Collected data entries:
==============================

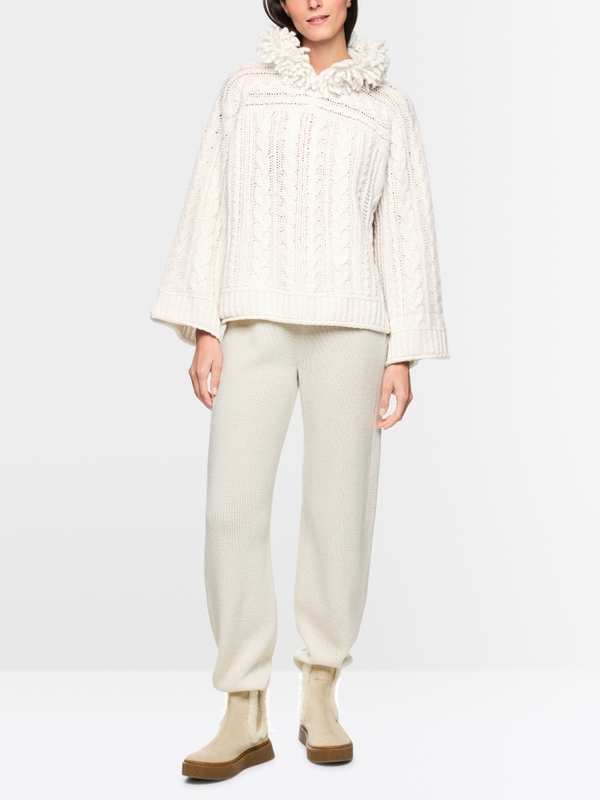 Zopfstrickpullover Knitted in Germany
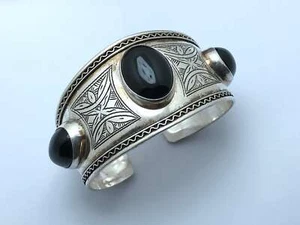 armband berbère argent fait a main,tiznit bracelet,maroc bracelet vintage - Bild 1 von 5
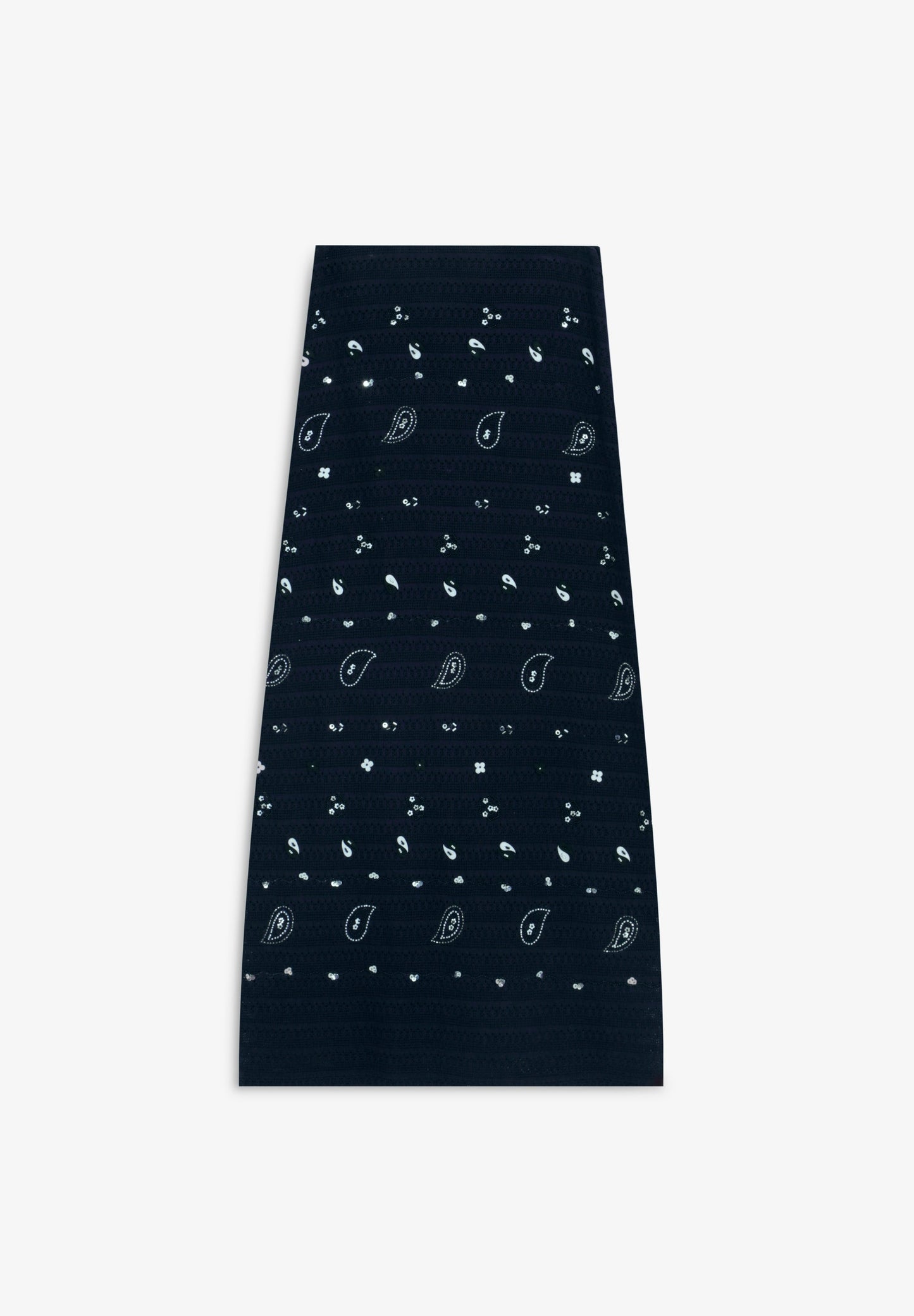 KNIT MIDI SKIRT WITH BEADS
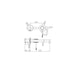 IMEX GLD038/GC LINE Grifo de Lavabo Empotrado Gris Champagne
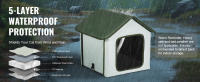 SucceBuy Casa elevada para gatos con calefacción, temperatura ajustable y temporizador, tela Oxford 600D, verde (pequeño) - details 3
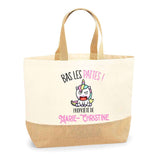 Sac Jute Fête des Mères Fêtes des Pères Mamie Papi Famille Idée Cadeau anniversaire Noël Travail Boulot Métier Départ Retraite Collègue Femme Homme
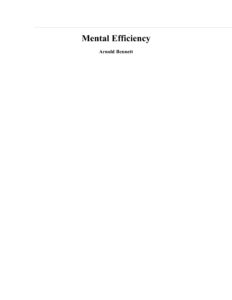 6866b1bdc319d mental efficiency arnold bennett Kitap Kapağı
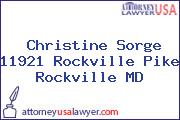 Christine Sorge 11921 Rockville Pike Rockville MD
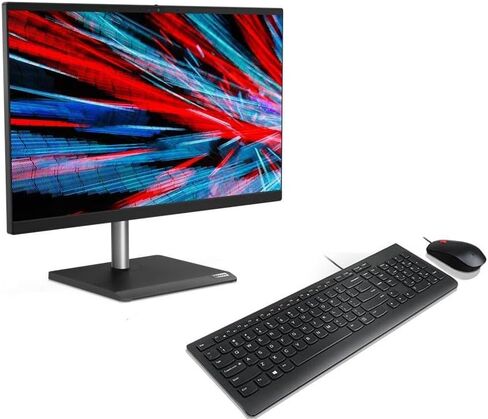 كمبيوتر مكتبي Lenovo Business الكل في واحد مقاس 23.8 بوصة FHD IPS (6-Core Intel i5-10400، ذاكرة الوصول العشوائي 32 جيجابايت، 512 جيجابايت SATA SSD، AC WiFi، قارئ SDXC، RJ-45، Win 11 Pro) مع Dockztorm Hub in Kuwait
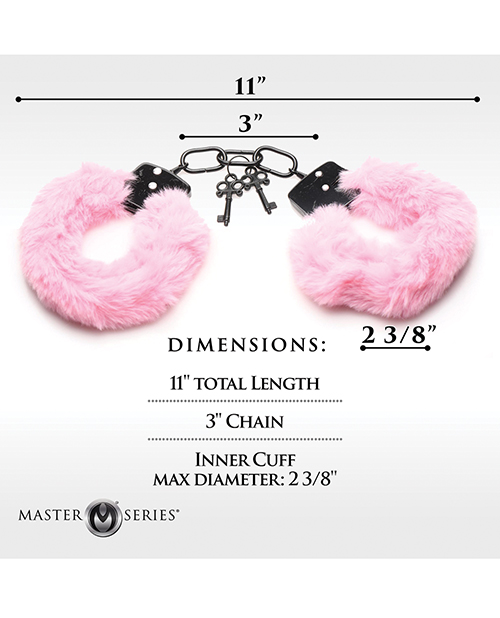 Thumbnail for Master Series Cuffed in Furry Handcuffs - Pink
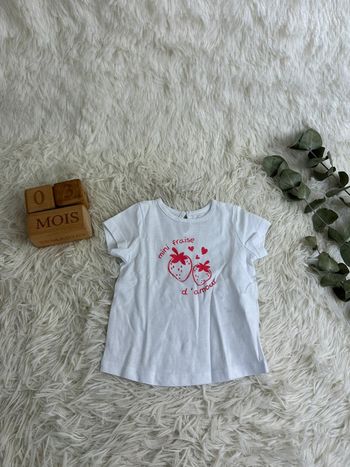 T-shirt blanc la halle taille 3 mois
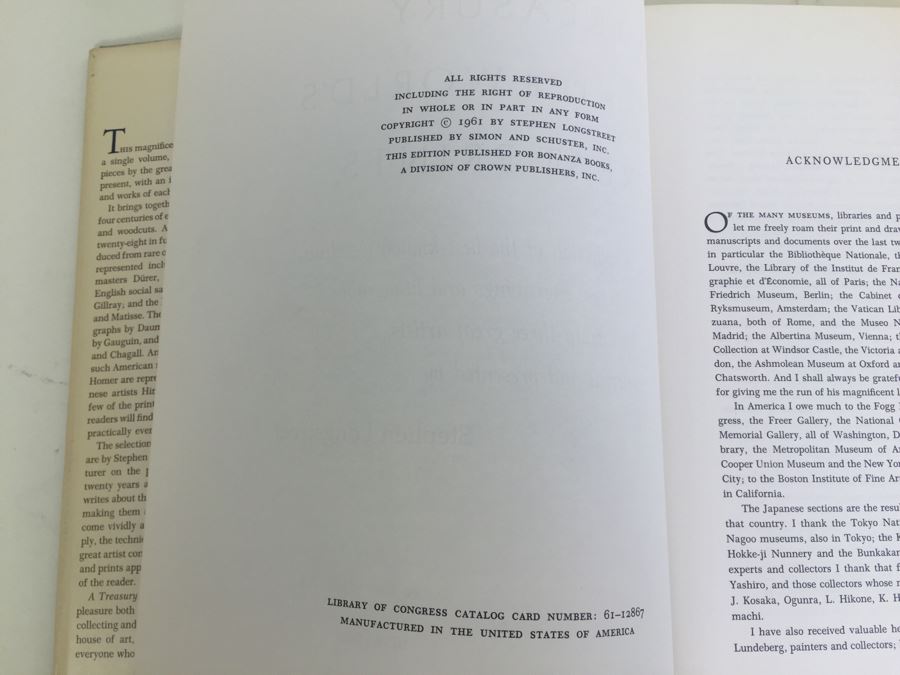 A Treasury Of The World's Great Prints From Durer To Chagall Stephen Longstreet 1961 [Photo 6]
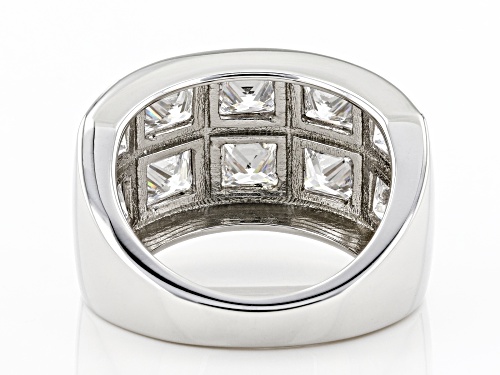 Bella Luce ® 6.60ctw Platinum Over Sterling Silver Ring (3.90ctw DEW) - Size 5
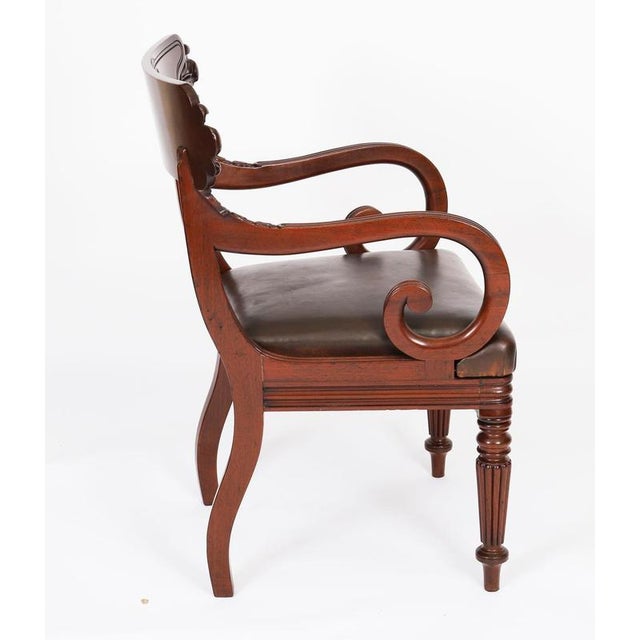 Antique English William IV Bar Back Dining Chairs, 19th Century, Set of 8 For Sale - Image 11 of 18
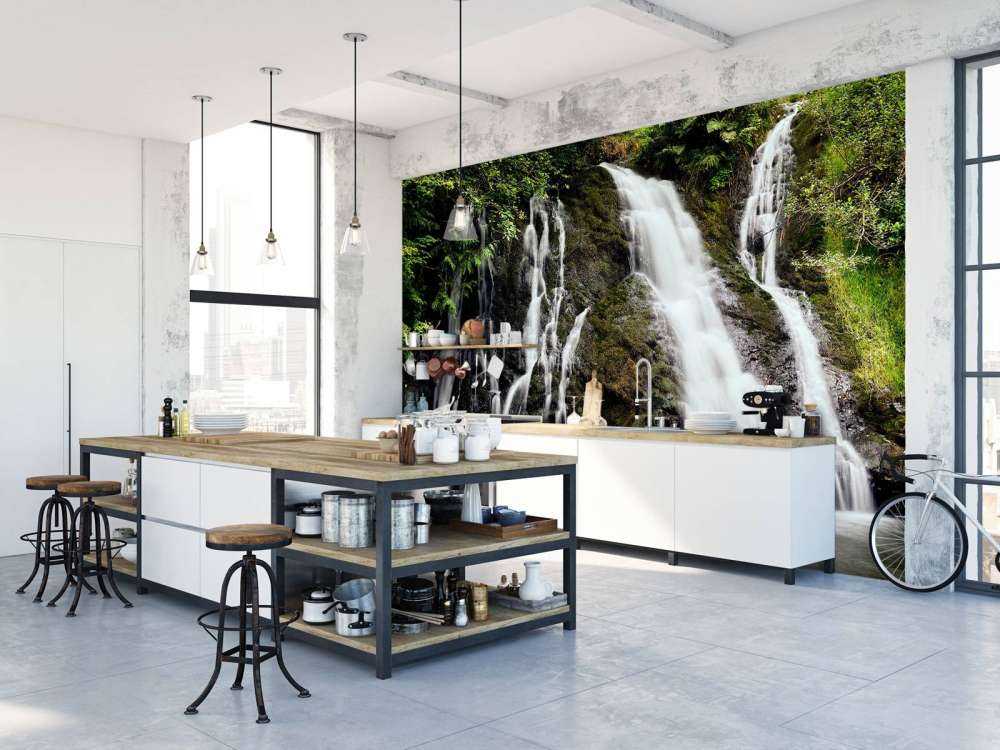 Vandfald med 4 vandløb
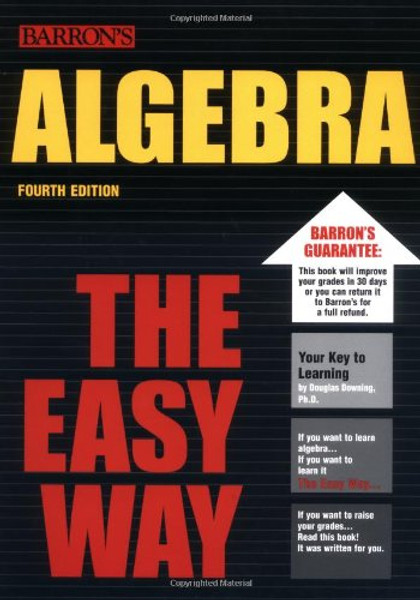 Algebra the Easy Way (Easy Way Series)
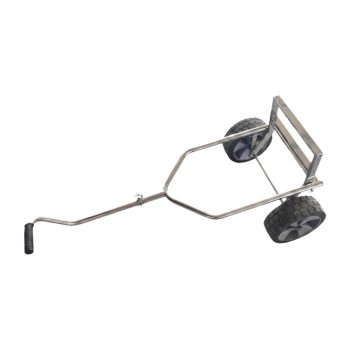 amagogo Boat Trailer Dolly Inflatable Boat Trolley, Outdoor Men Supplies Carrier Fishing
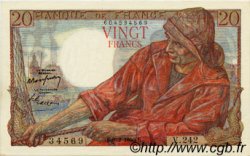 20 Francs PÊCHEUR FRANKREICH  1950 F.13.17 VZ+ to fST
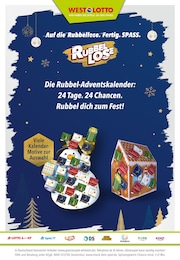 Westlotto Prospekt für Wuppertal: "Die Rubbel-Adventskalender", 4 Seiten, 11.11.2024 - 30.11.2024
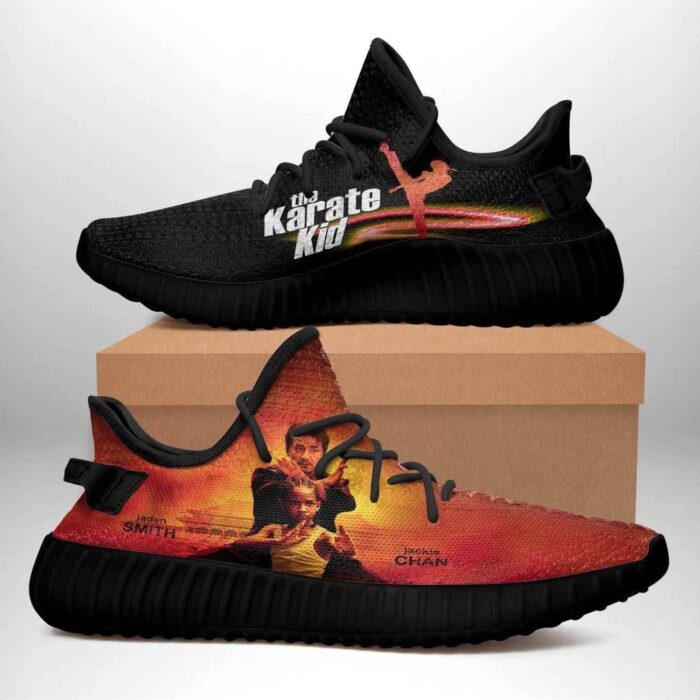 The Karate Kid Black Edition Yeezy Boost Shoes Sport Sneakers Yeezy Shoes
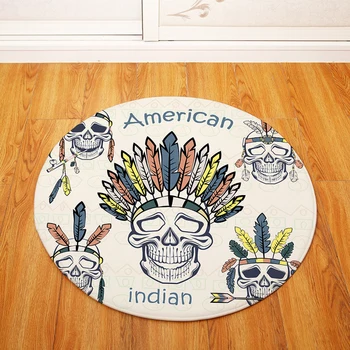 

National Characteristics Round Tapete For Living Room Bedroom Home Decor Carpet Rug Children Kids Soft Play Mat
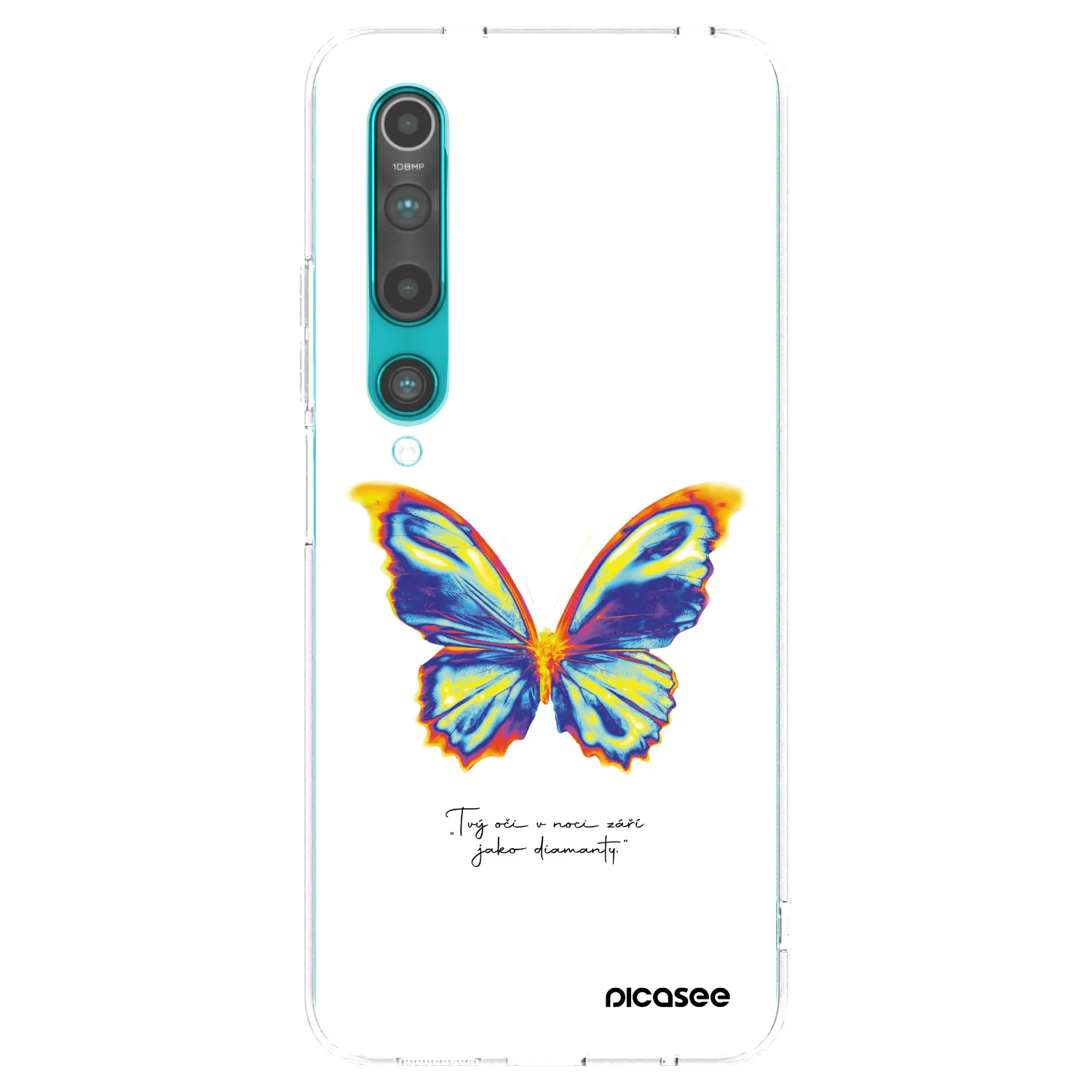 Picasee silikonowe przeźroczyste etui na Xiaomi Mi 10 - Diamanty White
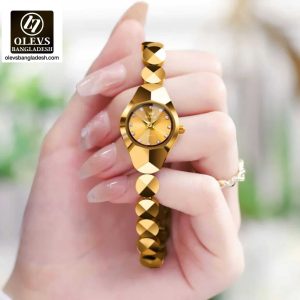 Original Olevs 7007 Model Tungsten Steel Luxury Ladies Watch - Image 2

==============================

- To do -
Whenever images occur above, omit them and retype each line exactly as it stands.

- The answer -
 Zopfstrickpullover Knitted in Germany
 armband berbère argent fait a main,tiznit bracelet,maroc bracelet vintage - Bild 1 von 5
 KNIT MIDI SKIRT WITH BEADS
 IMEX GLD038/GC LINE Grifo de Lavabo Empotrado Gris Champagne
 SucceBuy Casa elevada para gatos con calefacción, temperatura ajustable y temporizador, tela Oxford 600D, verde (pequeño) - details 3
 Sac Jute Fête des Mères Fêtes des Pères Mamie Papi Famille Idée Cadeau anniversaire Noël Travail Boulot Métier Départ Retraite Collègue Femme Homme
 6866b1bdc319d mental efficiency arnold bennett Kitap Kapağı
 Christine Sorge 11921 Rockville Pike Rockville MD
 كمبيوتر مكتبي Lenovo Business الكل في واحد مقاس 23.8 بوصة FHD IPS (6-Core Intel i5-10400، ذاكرة الوصول العشوائي 32 جيجابايت، 512 جيجابايت SATA SSD، AC WiFi، قارئ SDXC، RJ-45، Win 11 Pro) مع Dockztorm Hub in Kuwait
 Thumbnail for Master Series Cuffed in Furry Handcuffs - Pink
 T-shirt blanc la halle taille 3 mois
 A Treasury Of The World's Great Prints From Durer To Chagall Stephen Longstreet 1961 [Photo 6]
 Bella Luce ® 6.60ctw Platinum Over Sterling Silver Ring (3.90ctw DEW) - Size 5
 Antique English William IV Bar Back Dining Chairs, 19th Century, Set of 8 For Sale - Image 11 of 18
 Vandfald med 4 vandløb
 Algebra the Easy Way (Easy Way Series)
 amagogo Boat Trailer Dolly Inflatable Boat Trolley, Outdoor Men Supplies Carrier Fishing
 20 Francs PÊCHEUR FRANKREICH  1950 F.13.17 VZ+ to fST
 Westlotto Prospekt für Wuppertal: "Die Rubbel-Adventskalender", 4 Seiten, 11.11.2024 - 30.11.2024
 The Karate Kid Black Edition Yeezy Boost Shoes Sport Sneakers Yeezy Shoes

National Characteristics Round Tapete For Living Room Bedroom Home Decor Carpet Rug Children Kids Soft Play Mat
 Picasee silikonowe przeźroczyste etui na Xiaomi Mi 10 - Diamanty White
 Original Olevs 7007 Model Tungsten Steel Luxury Ladies Watch - Image 2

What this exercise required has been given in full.